7 Things to Know Before Springing for Instagram-Ready Nail Extensions

Kristen Bateman

For about a year, I’ve wanted to try out fake nails. Like, really fake. I’ve long been a proponent of exaggerated nail art, even going so far as to have mini chains embedded over a gel mani once, just to match my favorite gold bracelet. But long, pointy nails were something I’d lusted over yet never really approached IRL. Chalk it up to Instagram for inciting my obsession: Everyone from Kylie Jenner to Rihanna—even subdued stars like Adele—have been sporting them. There’s something so gloriously tacky about the look—tacky is in now, people—and I’ve noticed real women (my friends, randoms on the subway) have started wearing eye-popping extensions, so it had me questioning if they’re starting to become the new normal.

Since I’ve never tried fake nails ever, I called up Valley Nails in New York City to make an appointment. I requested an acrylic set but was informed that the salon does a service called “nail extensions” rather than acrylics, because they’re healthier for the nail. Acrylics are applied with powder and UV, and are “refilled” as they grow out, while nail extensions are soaked off and reapplied as a new set to allow your natural nails to grow underneath.


When I went into the salon, the nail tech did all the basic mani procedures (cut, trim, buff, oil, and all that) before looking closely at my natural nails to see what shape nail extension she should apply. There are several different options, which are chosen based on the natural curvature of your nails. As a side note, the nail techs at Valley keep your nail size on file, so that if you come in again, the process will go faster. The nails came in a long, rectangular shape and were clear. She applied them with an industrial-strength glue, and then asked me for my preference in terms of length and shape. Obviously, I wanted to keep them as long as possible, and opted for the super-pointy “stiletto” style that I’d been dreaming of.

After that, my nail tech applied a glitter gradient using two different loose glitters. I was obsessed with the look, but I also learned living life with made-for-Instagram nails ain’t easy. Here, a few lessons.

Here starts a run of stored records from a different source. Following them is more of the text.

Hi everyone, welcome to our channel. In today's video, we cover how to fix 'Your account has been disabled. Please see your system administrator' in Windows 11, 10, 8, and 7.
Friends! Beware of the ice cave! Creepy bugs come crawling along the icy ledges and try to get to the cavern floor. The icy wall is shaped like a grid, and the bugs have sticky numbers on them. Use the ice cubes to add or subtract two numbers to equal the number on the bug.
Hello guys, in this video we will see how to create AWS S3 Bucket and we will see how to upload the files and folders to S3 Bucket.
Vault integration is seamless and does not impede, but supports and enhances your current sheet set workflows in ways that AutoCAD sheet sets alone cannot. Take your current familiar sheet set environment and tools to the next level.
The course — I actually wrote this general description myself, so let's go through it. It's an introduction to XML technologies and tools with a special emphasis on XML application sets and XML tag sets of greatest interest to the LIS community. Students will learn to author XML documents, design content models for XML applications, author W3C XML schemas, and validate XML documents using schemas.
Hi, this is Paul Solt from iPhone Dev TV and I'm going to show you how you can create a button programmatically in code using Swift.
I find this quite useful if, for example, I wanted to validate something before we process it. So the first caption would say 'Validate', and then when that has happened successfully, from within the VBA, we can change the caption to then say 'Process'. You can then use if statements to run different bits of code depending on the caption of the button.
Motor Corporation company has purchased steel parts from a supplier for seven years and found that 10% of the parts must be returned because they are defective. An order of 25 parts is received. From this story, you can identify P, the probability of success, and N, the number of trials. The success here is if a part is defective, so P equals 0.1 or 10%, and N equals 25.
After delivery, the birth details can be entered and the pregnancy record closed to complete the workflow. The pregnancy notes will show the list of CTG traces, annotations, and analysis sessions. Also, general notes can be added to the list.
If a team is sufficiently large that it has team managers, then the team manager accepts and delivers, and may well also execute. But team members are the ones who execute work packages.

Because nail extensions are plastic, a normal, non-gel polish is best.

When I originally scheduled my appointment, I asked for gel, but Valley told me that normal polish is actually better. It saves time (and money) and lasts just as long since the actual nail extension is plastic, and you don’t have the oils of your fingers to wear on it. It also dries surprisingly quick! I only waited about 10 minutes. So, the point of getting a gel is pretty moot.

Avoid finger foods.

I’ll probably never forget the time I finished eating avocado toast and looked down at the underside of my pointer finger’s nail—which contained a huge chunk of mushed-up greenness. So. Disgusting. And the only way you can really get the junk out is by scooping it with a Q-tip. #Chic.

The application is painless. Wearing them? Not so much.

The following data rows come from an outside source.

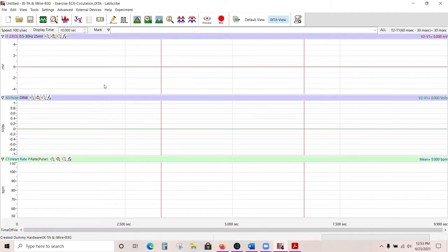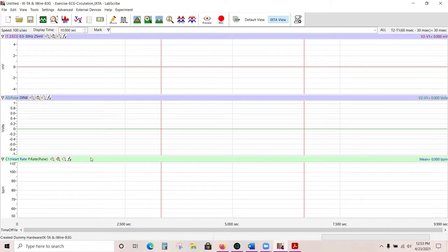Our graphs are color coded. Anything with a blue graph background bar means that the data being recorded on those channels are live, coming directly from your subject. A light green background bar means that the data being recorded on that channel will be calculated from your subject's other channels. In this case, we are calculating heart rate from the pulse graph.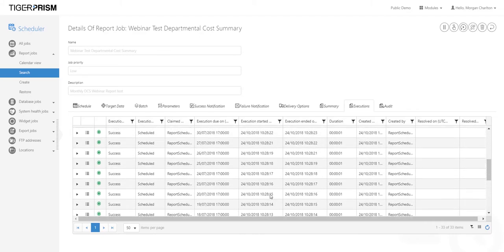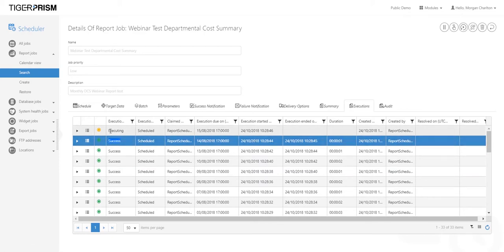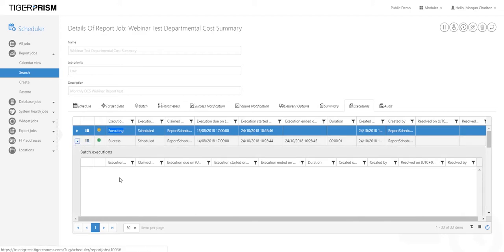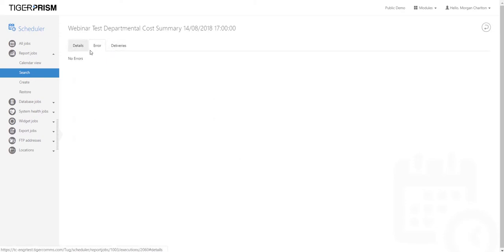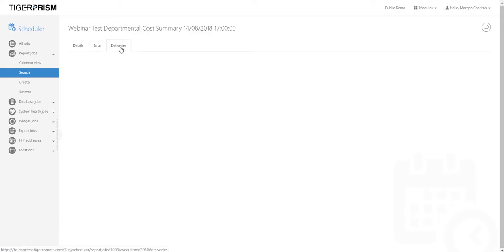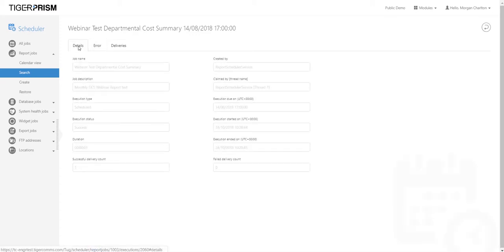Since starting the job, you'll see it has gone through all those reports and begun emailing them. If there are any issues, some reports may show as red or failed. Currently running reports will be shown as 'Executing'. To find out more, expand the entry if it's a batch job or click the three lines for more detail. Under the error tab, pass any errors on to the support team. Under deliveries, it will show whether it was successfully delivered and at what time. Ideally, the execution state should be 'Success'.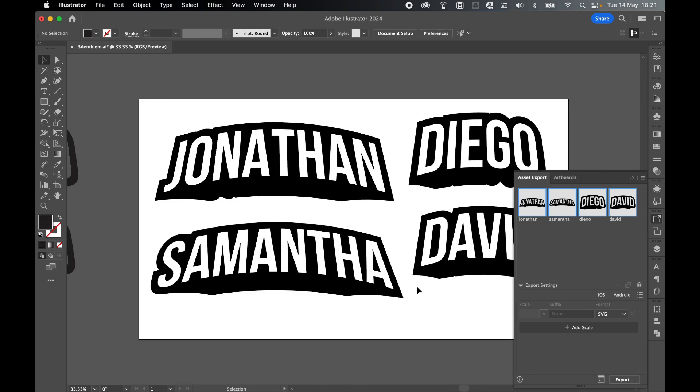And there you have it. Super simple 3D text emblems for print-on-demand and plenty of other uses. I really hope you found that tutorial helpful. And if you did, don't forget to like and subscribe. Thanks for watching. Keep on designing. And I'll see you for the next tutorial.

I probably shouldn’t have chosen Fashion Week as my very first time for nail extensions, but I did. Having them as long as I did (the nail tech actually didn’t take any length off the originals, she just shaped them) caused some painful moments. At one fashion show, one of my nails got stuck to my coat as I was carrying it. I felt a shock of pain, and after the show I realized it had fallen off. Ugh. Luckily, Valley repairs any damage within a week. Another time, I opened a sliding cab door and my nail extension bent backwards slightly. I winced in pain and almost cried. The pain on that particular nail didn’t go away for the full two and a half weeks I wore them—and kind of led to my removing the set sooner rather than later.


Hand cream is a non-negotiable.

I’m not really sure why, but my nail area seemed to get drier than ever with these extensions. Applying a hand cream definitely helped, and even seemed to make the extensions themselves look shinier. I liked them better after wearing them for a full week.

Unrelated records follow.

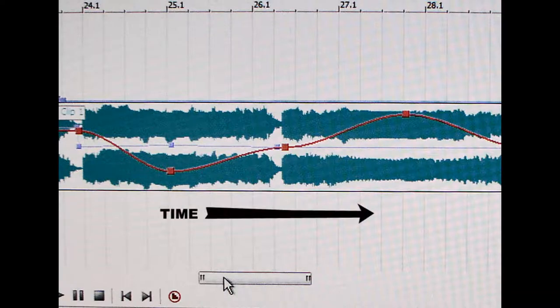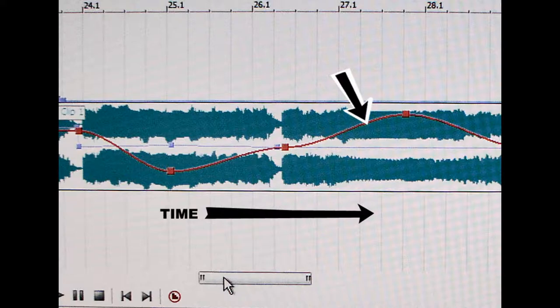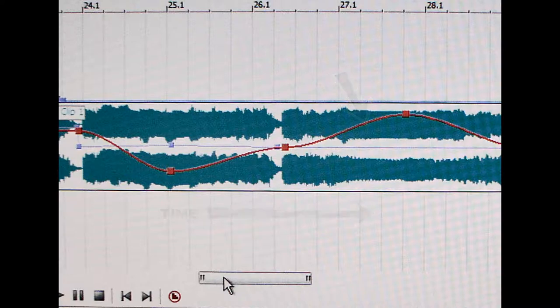To the right is time. This panning envelope starts out as a straight line, but you put dots on it and then drag it left and right to make it pan, and here's a sample of that guitar with panning.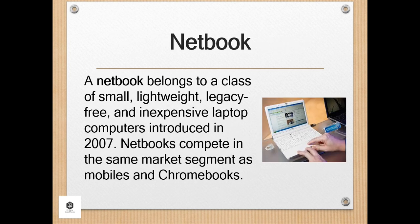Next is the netbook. A netbook belongs to a class of small, lightweight, legacy-free, and inexpensive laptop computers introduced in 2007. Netbooks compete in the same market segment as mobiles and Chromebooks.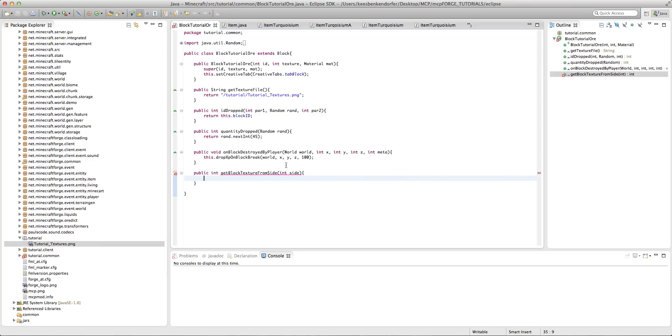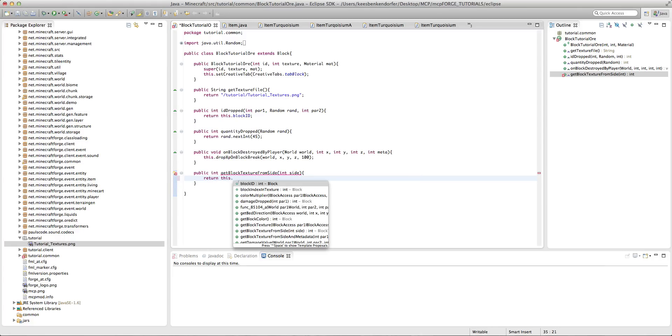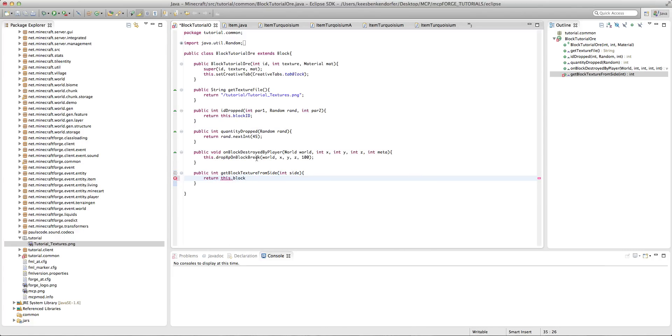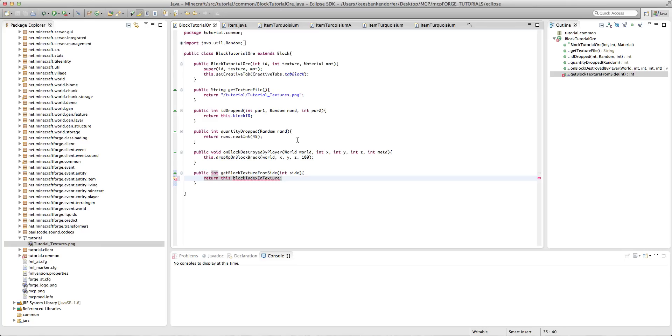So the way we actually define the textures is we could say return this dot block index in texture, and what that would do is it would just give us the same texture we have normally with our texture being on every side of the block.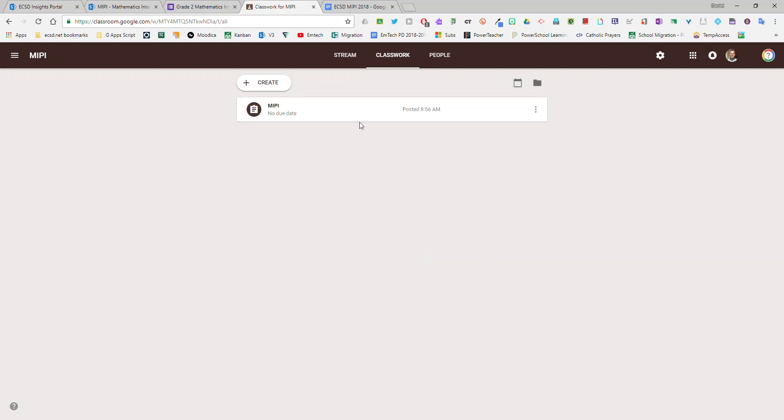Once you do that it will show up in the Google Classroom for your students where they can take this quiz and you can get the results.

Do NOT remove them yourself.

Most salons will remove nail extensions by soaking them in acetone. You can also do the same thing at home. When one of mine fell off one afternoon (this was after two and a half weeks), I kind of freaked out and pulled the rest off without using any acetone or remover. It was painful and left my nails damaged–about as much as a gel mani would. I wouldn’t recommend this! But I couldn’t stand the way it looked.

Typing and texting are a pain in the ass.

I had to teach myself to type with nail extensions. Admittedly, I got used to it, but it took time. The best method I learned is to type with the pointy tips of the nail. With texting, I still don’t think I learned. I used one finger, experimented with dictation (something I’d never used before) and in a moment of weakness, asked a publicist to type something for me. After I removed the extensions, the sensation of typing regularly was SO weird. It felt similar to when I broke my arm and had a cast removed. My fingers were weak and tingly when I tried to type normally, and I had to retrain myself to text with both my thumbs on my phone rather than one nail extension finger.


Overall, I loved the look of my extensions. It’s not something I’d want every day, but there’s just something so fun about looking down at long, glittery claws as opposed to ho-hum nails with boring polish. I was also surprised at the lack of comments from strangers. Whereas I thought I was wearing something ridiculously extreme, I didn’t receive any shocking stares or comments, driving home my suspicion that insanely long, embellished nails really are becoming the new normal.